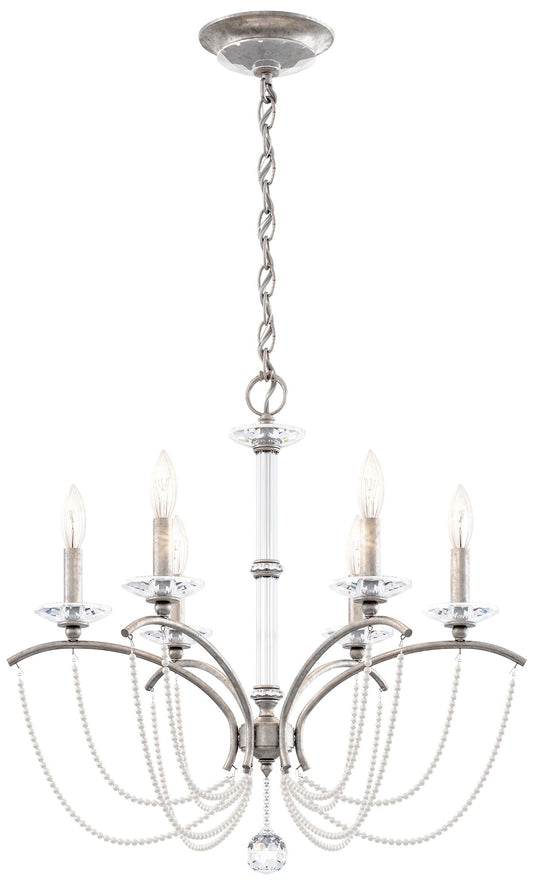 Priscilla 23.5"H x 23.5"W 6-Light Crystal Chandelier in Antique S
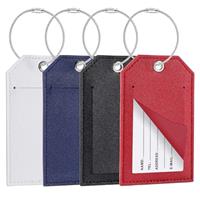 Blendura 4 PU Luggage Tags with Personal Information Card, Suitcase and Travel Bag Tags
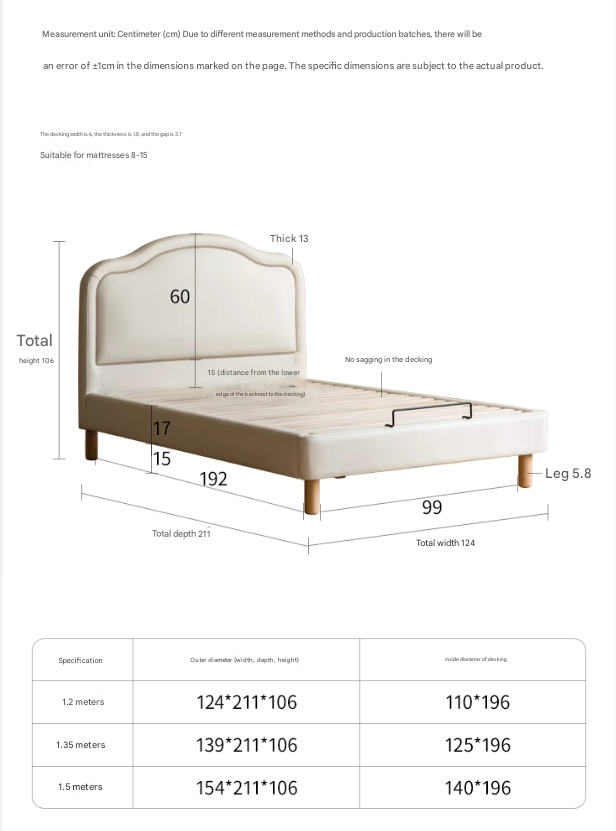 Organic Leather Cream Style Soft Kids Bed – Premium Comfort for Nursery, Bedroom & Playroom – Safe & Durable Toddler Bed for Sweet Dreams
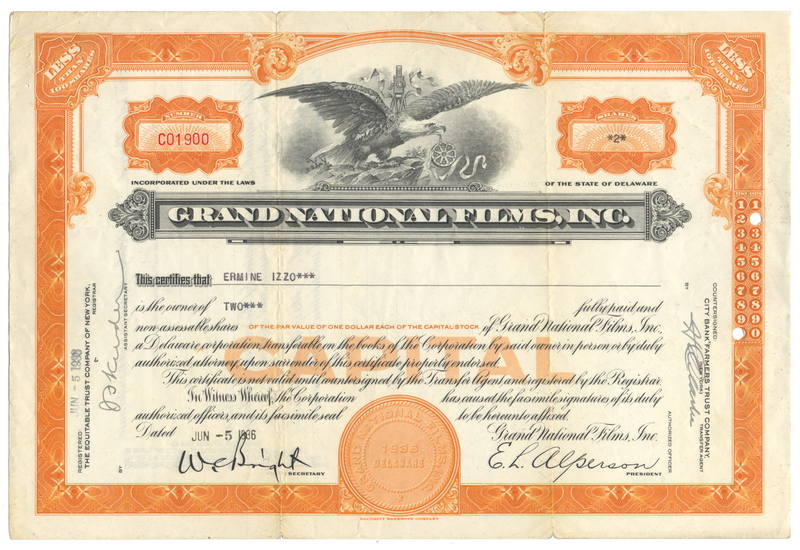 Grand National Films, Inc. Stock Certificate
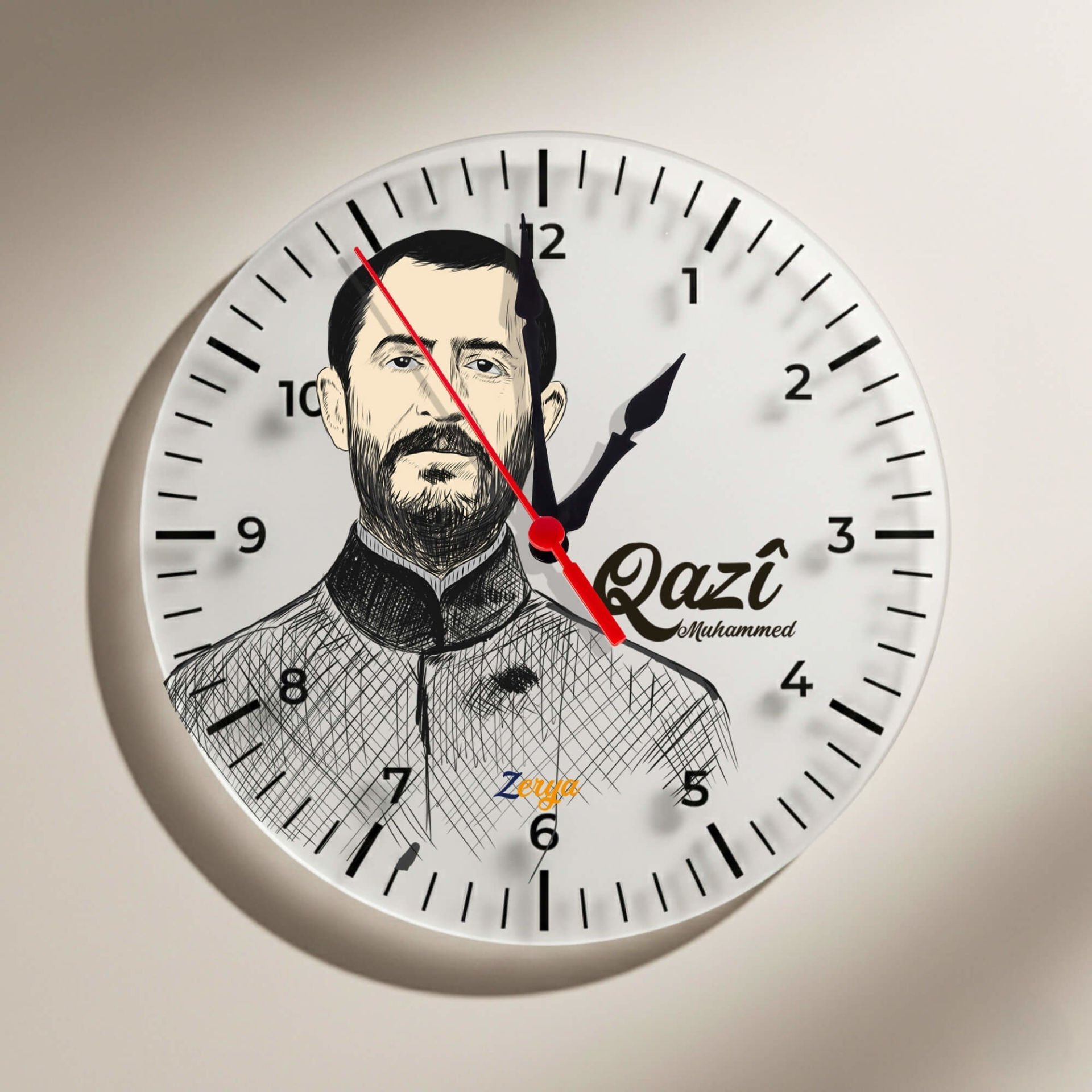 Qazi Muhammed Tasarımlı Beyaz Renk Duvar Saati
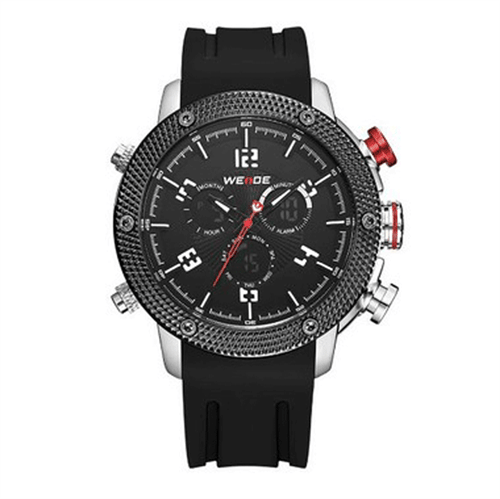 Relógio Masculino Weide Anadigi WH-5206 Preto e Vermelho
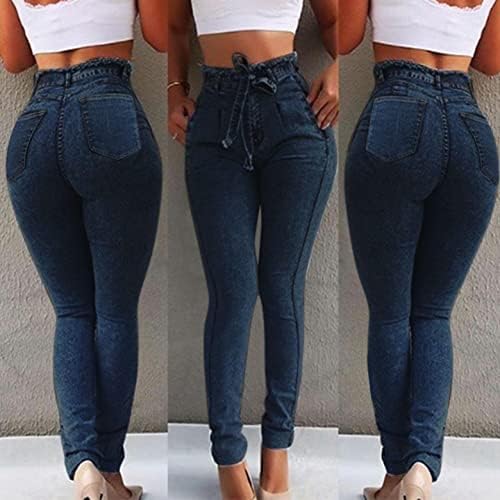 Jeans de jeans magro de cintura alta de tamanho grande feminino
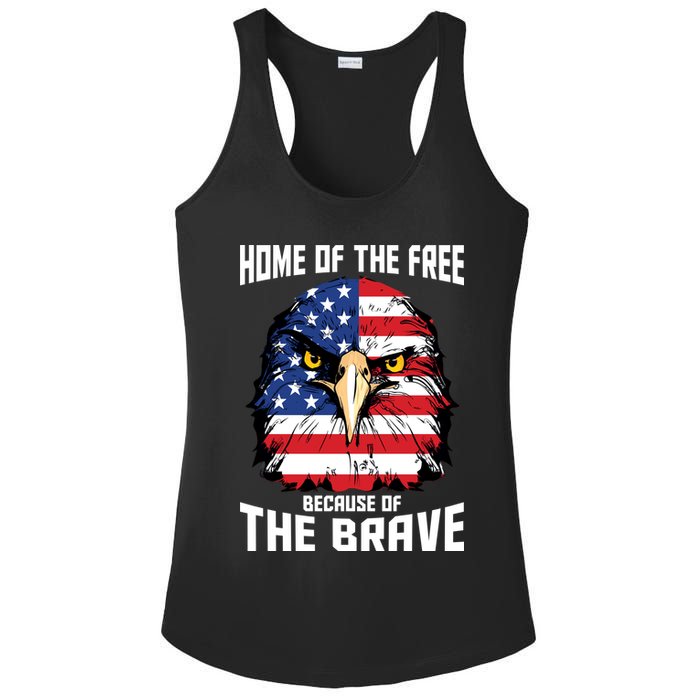 Home Of The Free Because Of The Brave Bald Eagle Ladies PosiCharge Competitor Racerback Tank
◆ ◆ ◆ ◆ ◆
## ABOUT THIS TASK
Skip the pictures; extract only the lines from the line with "Organic Leather Cream" through the final line of the material, exactly as they appear.

## OUTPUT FOR THIS TASK
 Organic Leather Cream Style Soft Kids Bed – Premium Comfort for Nursery, Bedroom & Playroom – Safe & Durable Toddler Bed for Sweet Dreams
 Grand National Films, Inc. Stock Certificate
 Qazi Muhammed Tasarımlı Beyaz Renk Duvar Saati
 Relógio Masculino Weide Anadigi WH-5206 Preto e Vermelho
 Jeans de jeans magro de cintura alta de tamanho grande feminino
 Home Of The Free Because Of The Brave Bald Eagle Ladies PosiCharge Competitor Racerback Tank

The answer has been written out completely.